October 24, 2016, by Charlotte Anscombe
Export or Die: UK Exporters in a Post-Brexit World
Increasing exports is crucial to the health of the UK economy, With a British exit from the European Union expected within the next few years, the future holds new challenges and opportunities for our exporters.
‘ Export or Die’- is a panel discussion chaired by Iain Wright MP, and featuring Rt.Hon Sir Vince Cable, Vicky Pryce and former Rolls Royce CEO, John Rishton, as part of Nottingham in Parliament Day.
Professor Richard Kneller from the School of Economics at The University of Nottingham gives us a taster of what can be expected from the discussion:
The UK is a successful exporter globally. But this is highly dependent on a relatively small number of firms and products. Understanding these patterns highlights its vulnerability to possible Brexit alternatives.
Last year the UK exported £510bn of goods and services internationally. This makes it the 3rd largest exporters of services globally and the 10th largest exporter of goods. UK exports are split approximately 60% of goods and 40% of services.

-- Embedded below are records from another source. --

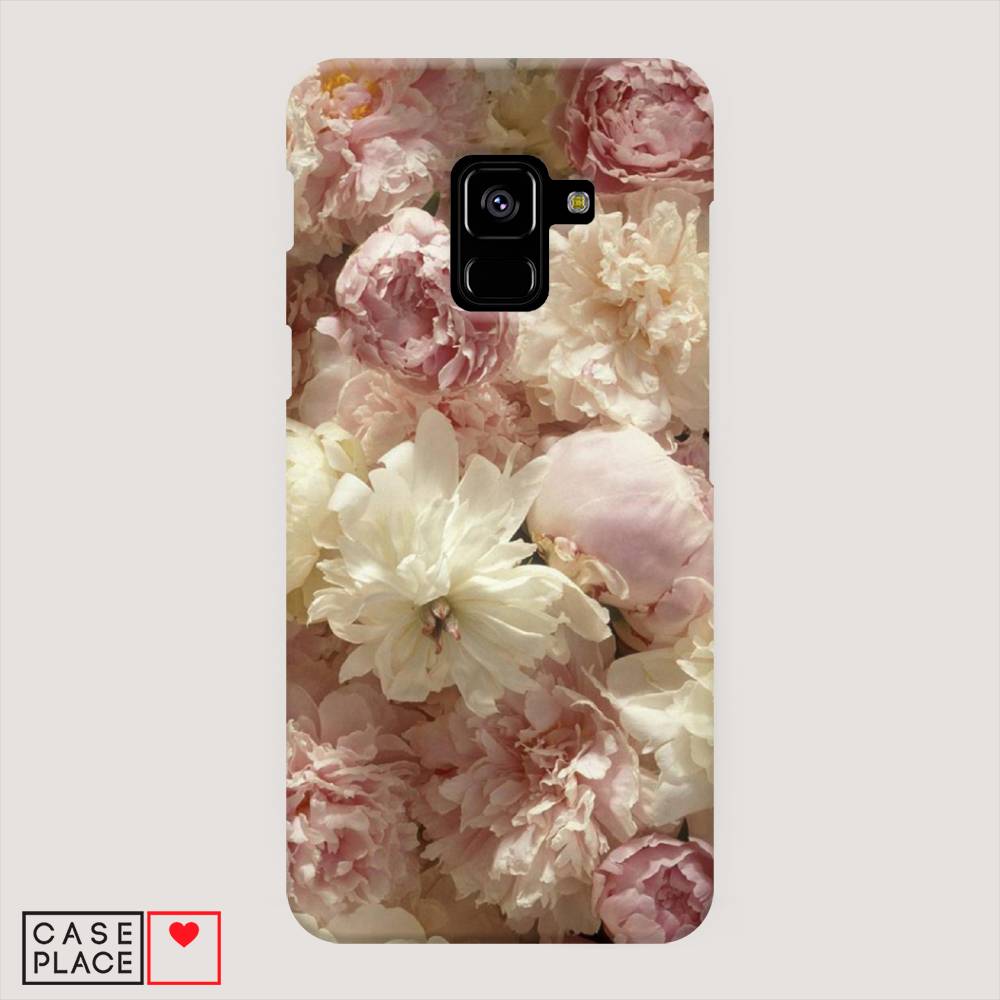 

Пластиковый чехол "Пионы светлые" на Samsung Galaxy A8 2018, 25420-6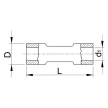 TRACON ZSTHP - Zsugorodó szigetelésű toldóhüvely, elektrolitréz, piros 1,5mm2, (L=38mm, d1=1,8mm), PO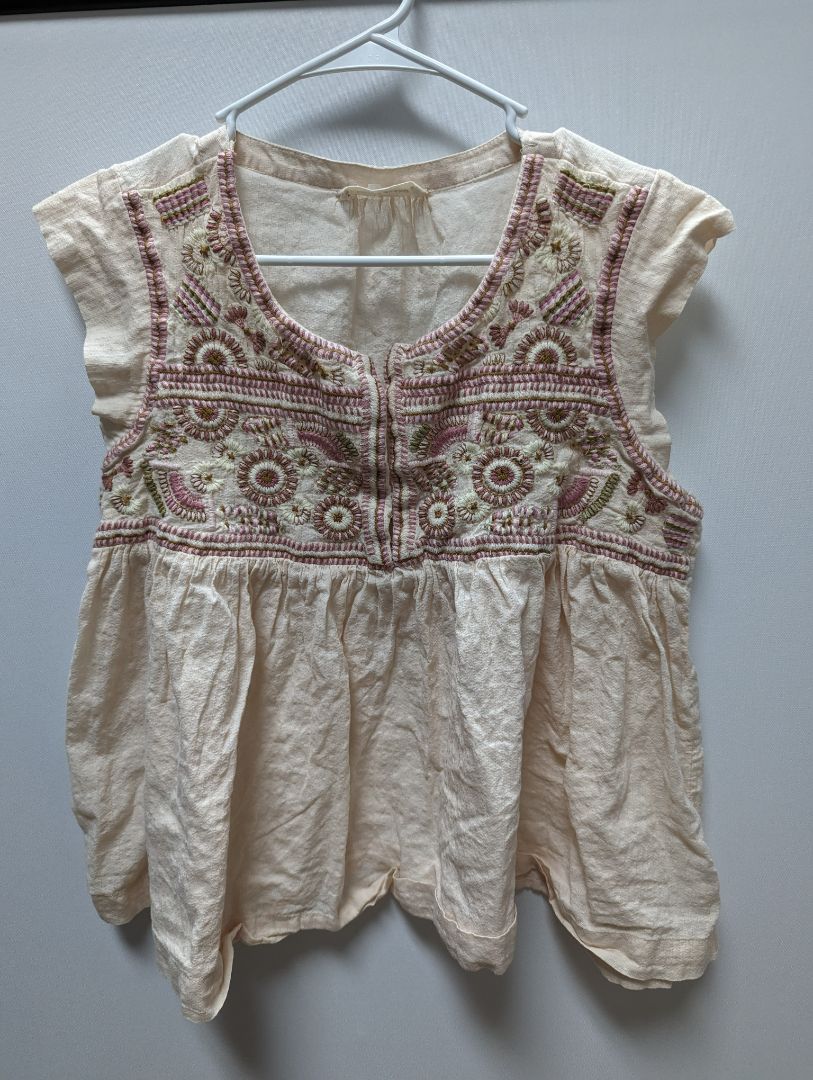 Lucky Brand Beige Embroidered Sleeveless Peasant Blouse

This total is the sum of the export transactions made by firms, of products, to various country destinations. It turns out that exports are fairly well spread across lots of destinations, but in terms of products and firms they are very highly concentrated.
The UK sells about 50% of goods and 40% of service exports to the various EU countries (about 10% to Germany and about 6% to France), with a further 13% of goods and 19% of services sold to the US, and 6% to China.
Government statistics show that just a little over 1 in 10 of firms in the UK are exporters (about 220,000 firms). For exports of goods, just 1% of these export firms account for 70% of goods exports; with the top 5% accounting for 90%. For services the top 1% of exporters account for 74% of export value; the top 5% for 87%. Similarly, just 10 products (out of the 4,800 manufacturing products the UK sells) account for 25% of total manufacturing exports (there are very few service categories so it doesn’t make sense to perform this calculation for services).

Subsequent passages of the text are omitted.